HPF can handle both stages of the matrix based CEM or chemistry problems [Robinson:95a]. The matrix solution stage exploits fully the Fortran 90 array manipulation and clearly requires good compiler support for matrix and vector manipulation primitives. NPAC's experience with a production CEM code PARAMOM from the Syracuse Research Corporation is illuminating [Cheng:94c]. Both stages could be implemented on IBM SP-2 with specialized Fortran code for the matrix element generation joined to SCALAPACK based matrix solution [Choi:92c]. However, the CM-5 implementation was not so simple. The CMSSL library provided exceptional matrix solution with good use being made of the CM-5's vector nodes. However, the matrix element computation was not so straightforward. Performance on the CM-5 nodes was poor and required conversion of the original Fortran 77 to Fortran 90 to both exploit the vector nodes and link to CMSSL. However, whereas the Fortran 90 notation was very suitable for matrix manipulation, it is quite irrelevant for the matrix element generation stage---as already explained, this exploits the INDEPENDENT DO and not the array notation for explicit parallelism. Thus, we split the PARAMOM code into a metaproblem with two sub-problems corresponding to the two stages discussed above. Now we implemented each stage on the most appropriate architecture. The ``embarrassingly parallel'' Fortran 77 matrix element generation stage was run on a network of workstations, the equation solution stage used the optimized libraries on the CM-5 or SP-2. The linkage of these stages used AVS, but one could alternatively use many other coordination software approaches. We expect to test our use of World Wide Web technology WebWork [Fox:95a] on this example.
This simple example illustrates three problem classes: embarrassingly parallel, synchronous and metaproblems, and associated machine and software architecture. There is an interesting software engineering issue. Typically, one would develop a single Fortran program for such a computational chemistry or electromagnetics problem. However, better is separate modules---in this case, one for each of two stages---for each part of problem needing different parallel computer treatment. In this way, we see the breakup of metaproblems into components, and use of systems such as AVS as helpful software engineering strategies [Cheng:92a;94d]. We have successfully used such an approach to produce an effective parallel version of the public domain molecular orbital chemistry code MOPAC [MOPAC:95a].
Not all chemistry computations have this structure.

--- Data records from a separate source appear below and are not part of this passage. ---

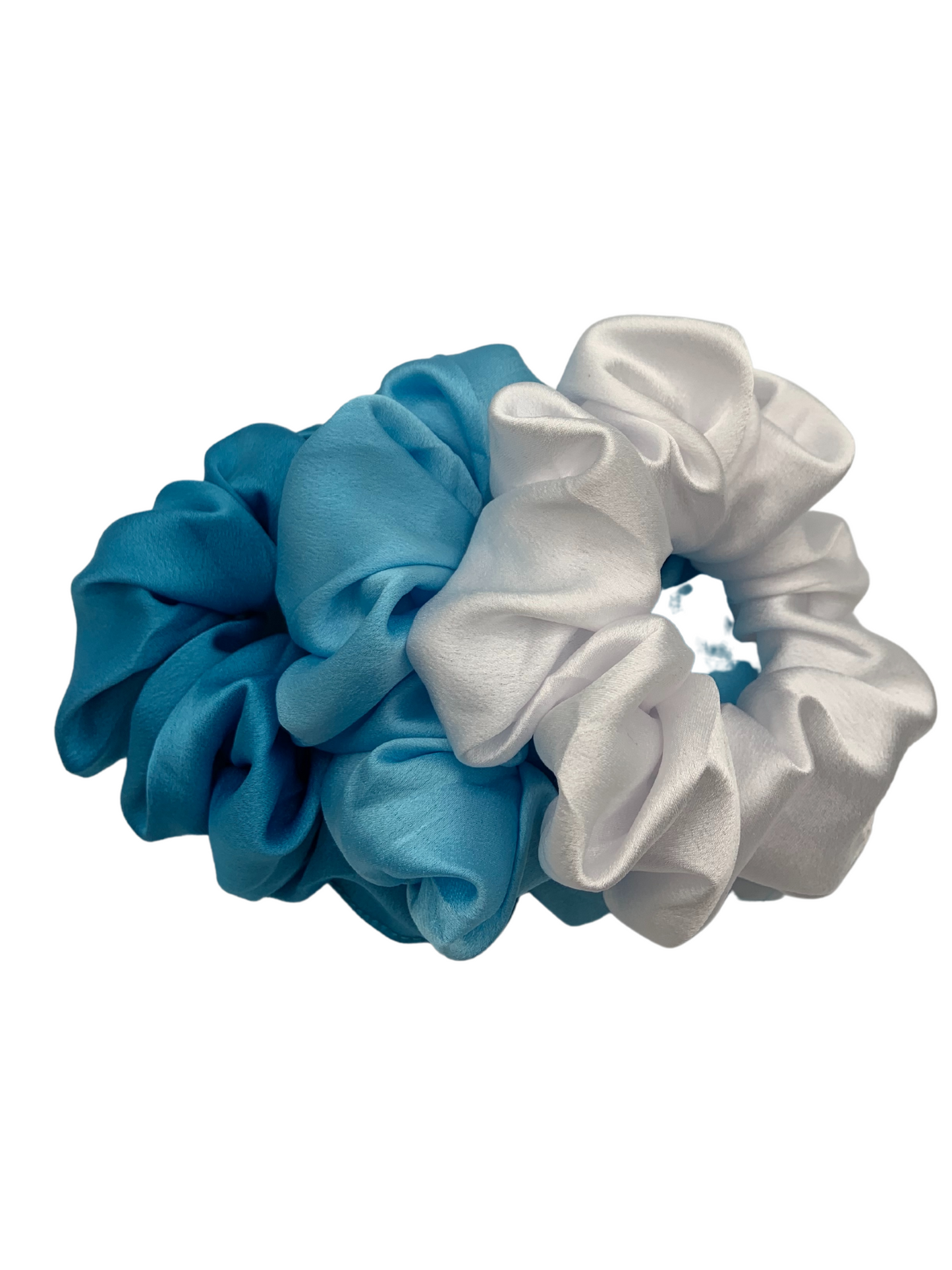 Midi Silk Scrunchie Set - Feelin' Blue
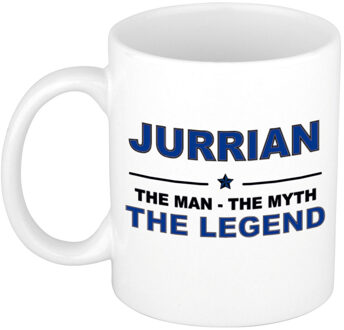 Bellatio Decorations Jurrian The man, The myth the legend pensioen cadeau mok/beker 300 ml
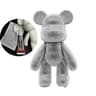 Crystalline Narrative Sculpture  HighDefinition Rhinestone Bear Architectural Ornament 15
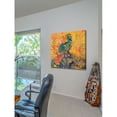 thumbnail image 5 of "Afrikarma Peacock" Painting Print on Wrapped Canvas, 5 of 7
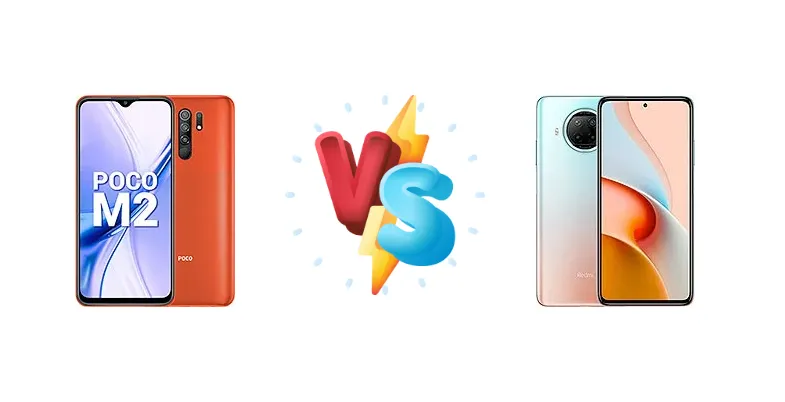 Xiaomi Poco M2 vs Xiaomi Redmi Note 9 Pro 5G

For instance, there is a set of applications such as AMBER and CHARMM that are based on molecular dynamics simulations, as described in Chapter 16 of [Fox:94a], [Ranka:92a]. These are typically loosely synchronous problems with each particle linked to a dynamic set of ``nearest neighbors'' combined with long-range nonbonded force computations. The latter can either use the synchronous algorithm or the faster, but complex loosely synchronous fast multiple or approaches [Barnes:86a], [Edelsohn:91b], [Goil:94a], [Goil:95a], [Greengard:87b], [Salmon:90a], [Singh:93a], [Sunderam:93a], [Warren:92b], [Warren:93a].